Hello ,nvidia
Many thanks for the reply in last post, and indeed,I’m doing a research about optimizing TVL1 opticalflow(Cuda).
as we know, TVL1 algorithm use implicit expression to converge U V.It leads that former result is request when calculating current one.
the TVL1 algorithm loop might be like this:
for(4 pyramid)
{
/*main loop*/
for(4 warping)
{
Kernel<1>(calc auxiliary variable) (input : intensiy(d_I0x d_I0y d_I1x d_I1y)
for(n<50 when total error <TH BREAK!) flow(d_u,d_v) gradient(d_I1wx d_I1wy).. )
{
Kernel<2>(calc U) (input : rho(d_rho) gradient(d_grad2) flow(d_u,d_v) ... )
**Kernel<3>(calc total image error) (input : d_err, d_terr)
Kernel<4>(dual V by U) (input : divrgence(d_p11 d_p12 d_p21 d_p22), tau,gamma)
}
}
}
I tried to changed gpumat to array.and rewrite cuda::resize & cuda::multiply into one kernel.
there is 1ms accelerated by these effort(CV 6ms, MY 5ms [2 frame(224*224 CV32F)]).
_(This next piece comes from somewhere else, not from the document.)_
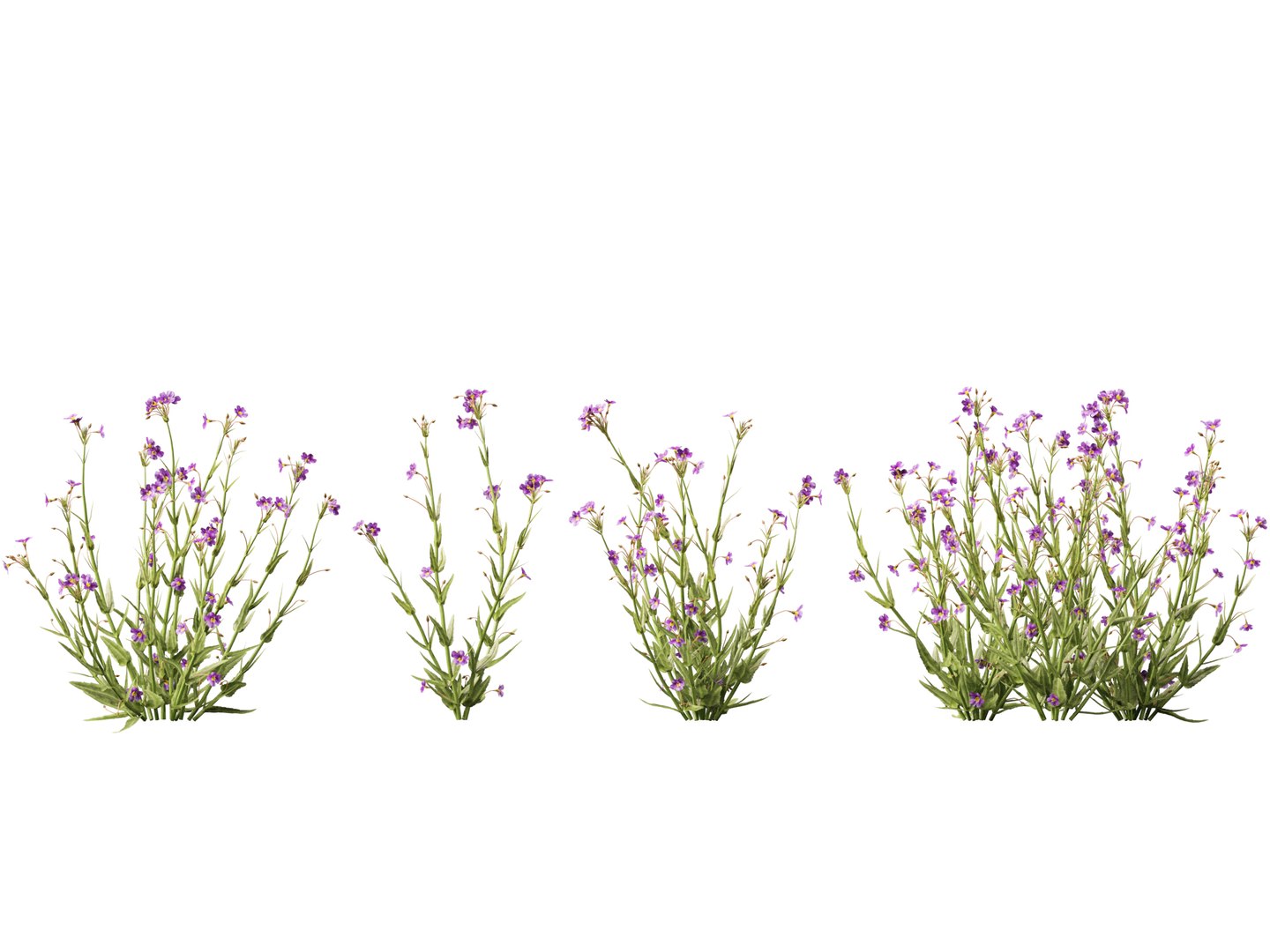 3D model HighpolyLow Poly - Mimulus gracilis - slender monkey flower https://p.turbosquid.com/ts-thumb/dl/I7wUi9/zk/mimulusgracilis017/jpg/1745076376/1920x1080/fit_q87/1b82e9691f0b57fe90d1742fbbf65da137036fa8/mimulusgracilis017.jpg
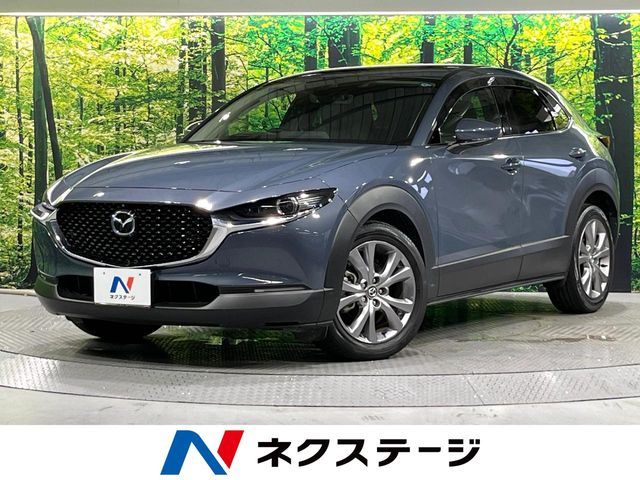 CX-30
And also I used float16 and int32 instead of float32 format precise,but no matter which global variable I changed (float16 format)
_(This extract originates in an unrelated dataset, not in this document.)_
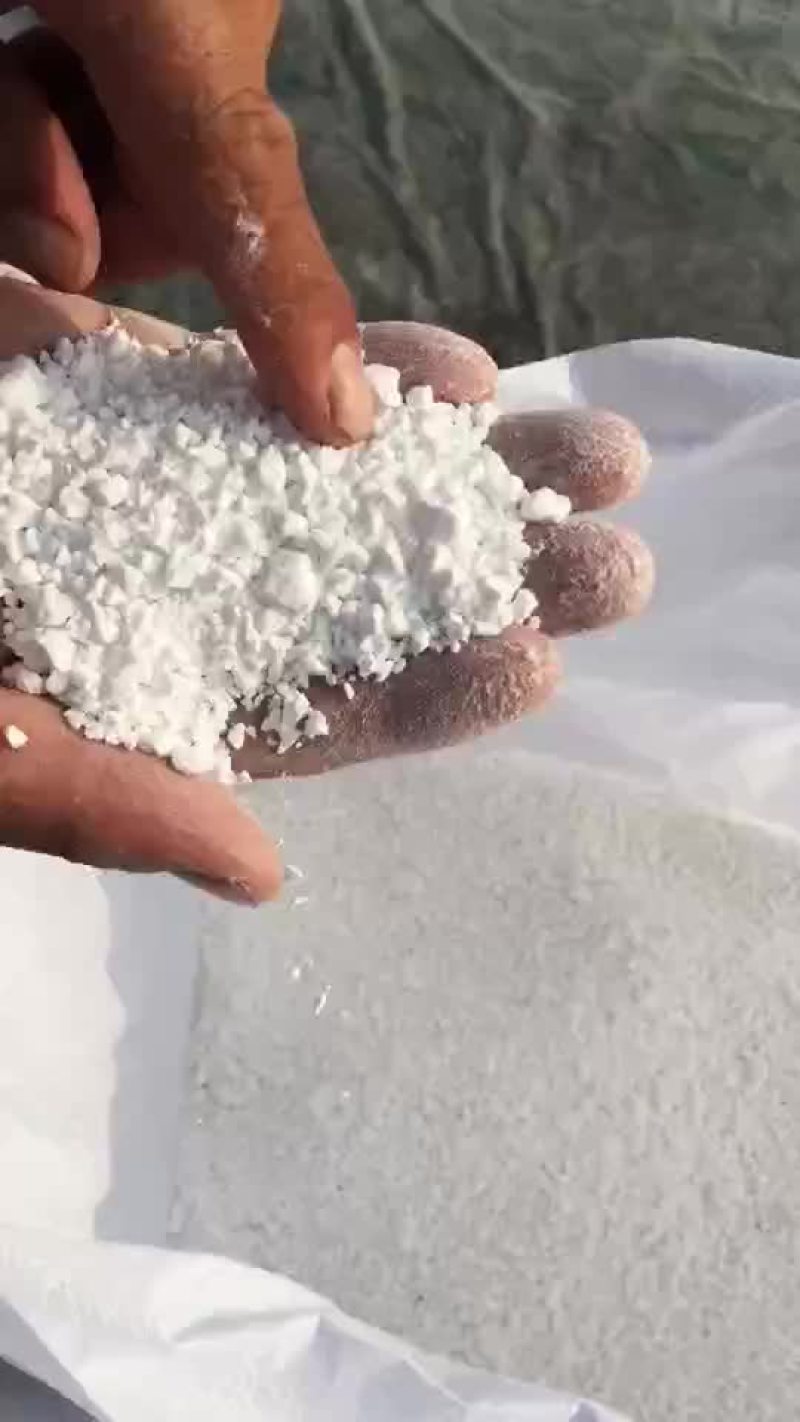淀粉马铃薯淀粉颗粒生粉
the final flow performed not good.After one pyramid loop, I cant get the correct answer but the float32 could
is there any other way to accelerate? (definately,I also optimized parameter such as Loop_num, pyramid_num warping_num tau gamma which are mentioned at https://stackoverflow.com/questions/19309567/speeding-up-optical-flow-createoptflow-dualtvl1 ), or did I use float16 incorrectly?
I’m considering that divide (224224)image into (77)(32*32) partition to calculate d_U d_V individually so that I can use shared memory to save variable instead of global one.Since calculating opticalflow only need the surrounding data.
any help would be greatly appreciated.